Vanthourenhout’s teammate Eli Iserbyt, who finished fourth at 1:07 seconds, won the X2O Trofee series title for the fourth time. The series is determined by time, with finishing times added and bonus seconds subtracted at certain stages of a race. Iserbyt’s winning total was 8:07:46, 3:38 better than series runner-up Toon Aerts (Deschacht-Hens-FSP), who saw any chances he had of winning the race and the series vanish when he crashed heavily in the mud early in the race and could finish no better than seventh.

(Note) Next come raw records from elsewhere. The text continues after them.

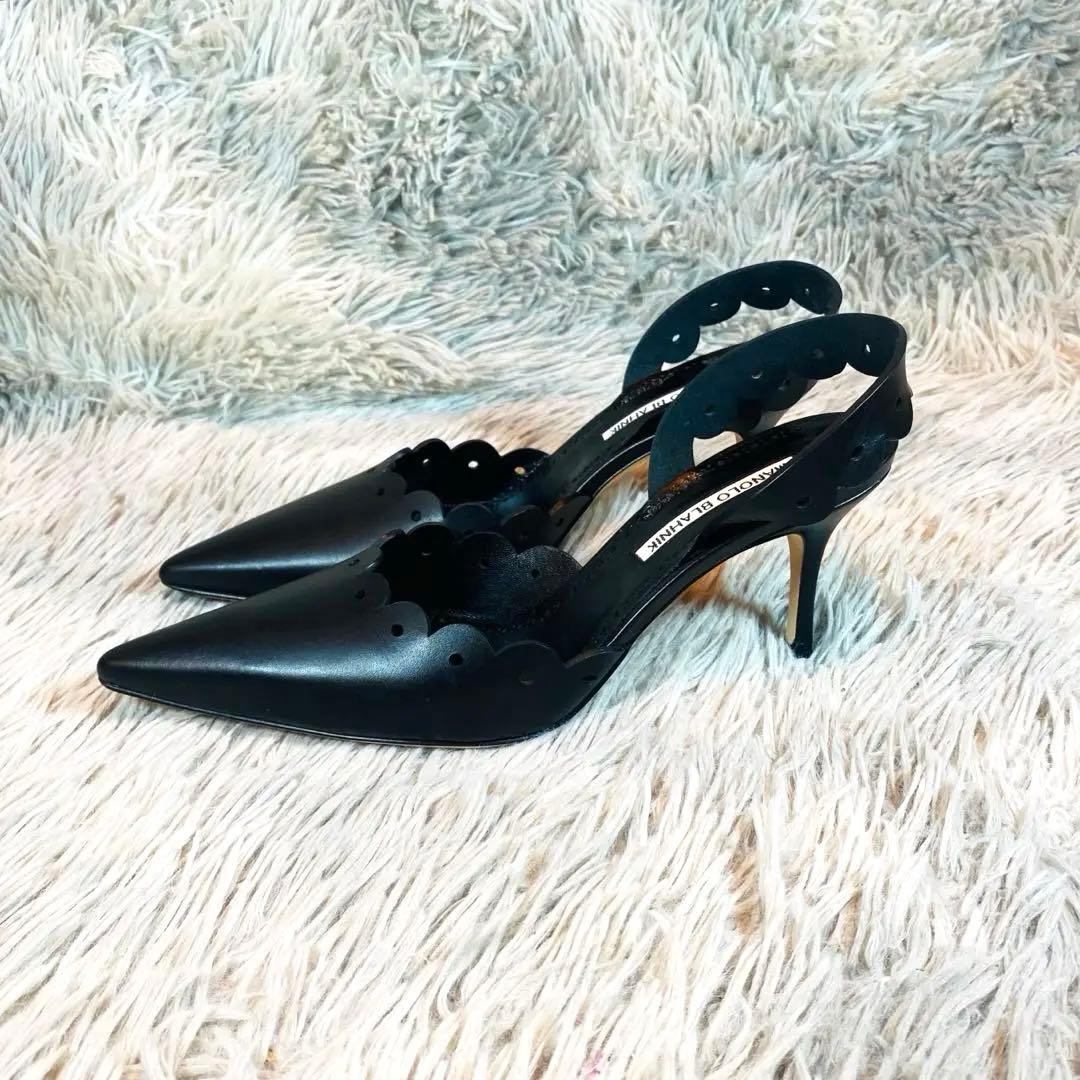 【美品】MANOLO BLAHNIK NIKOSLI スカラップ サンダル 37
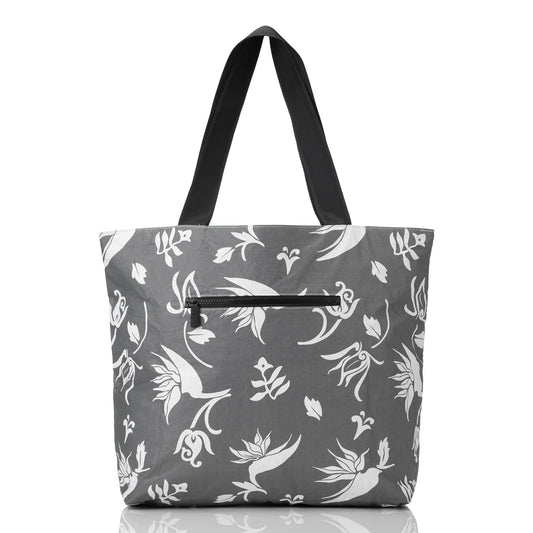 ALOHA PEKELO DAY TRIPPER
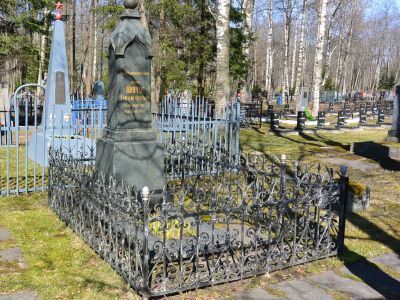 Могила Пинчука Григория Сергеевича (1912-1944 г.г.) - Героя Советского Союза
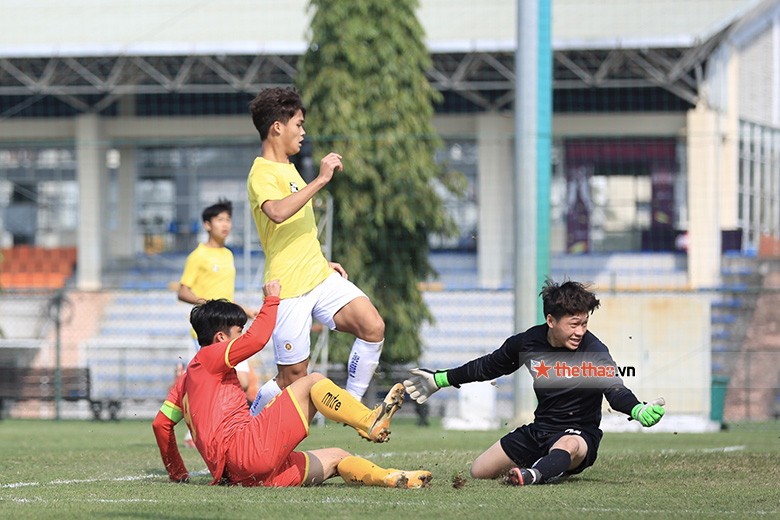 U19 Hà Nội hòa U19 CAND trong trận cầu 8 bàn thắng - Ảnh 1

Vanthourenhout initiated the duel when he accelerated away from the leading group of riders midway through the race, followed closely by Nieuwenhuis. They soon opened up a 10-second lead on their pursuers, led by van der Haar. Vanthourenhout, who won this season’s cyclo-cross World Cup championship, was better on the technical turns but could not put his rival away until a lumpy off-camber section late on the final lap.
“On the off-camber section, I tried to go full gas and it was enough to win,” the winner said after the race.
There was much drama throughout the season, starting with Iserbyt’s three-race suspension for stomping on rival Ryan Kamp’s bike during the Exact Cross race in Beringen in October. His suspension put an end to his attempt to win a second Superprestige title in a row. That series title went to Vandeputte, with van der Haar finishing second and Vanthourenhout coming third.
But let’s face it. Though there was lots of drama from race to race during the season, the real racing excitement came when van der Poel and Wout van Aert (Visma–Lease a Bike) lined up at the start beginning around Christmas, not only because of their intense rivalry but also because they are simply much better riders than the rest of the cyclo-cross riders, in terms of both power and bike-handling.
A fractured rib suffered in a crash sidelined van der Poel for a few races, but that did not stop him from winning in typically dominant fashion each of the eight races he entered, including his seventh World Championship in Liévin, France, which tied him for most ‘cross world titles with the late Erik De Vlaeminck. That performance was certainly the highlight of the season.
Van Aert was handicapped by having to start far back in the races he entered and encountered bad luck while trying to make up lost ground in several races, including in the Cyclo-cross World Championship, where he finished second. But he won two races and was clearly the second-best rider in the discipline. With their priorities lying elsewhere in cycling – van Aert is primarily a road racer, and van der Poel is now looking to win the MTB world title – we will have to continue being satisfied with small homoeopathic doses of their riding on the cyclo-cross circuit in the coming years.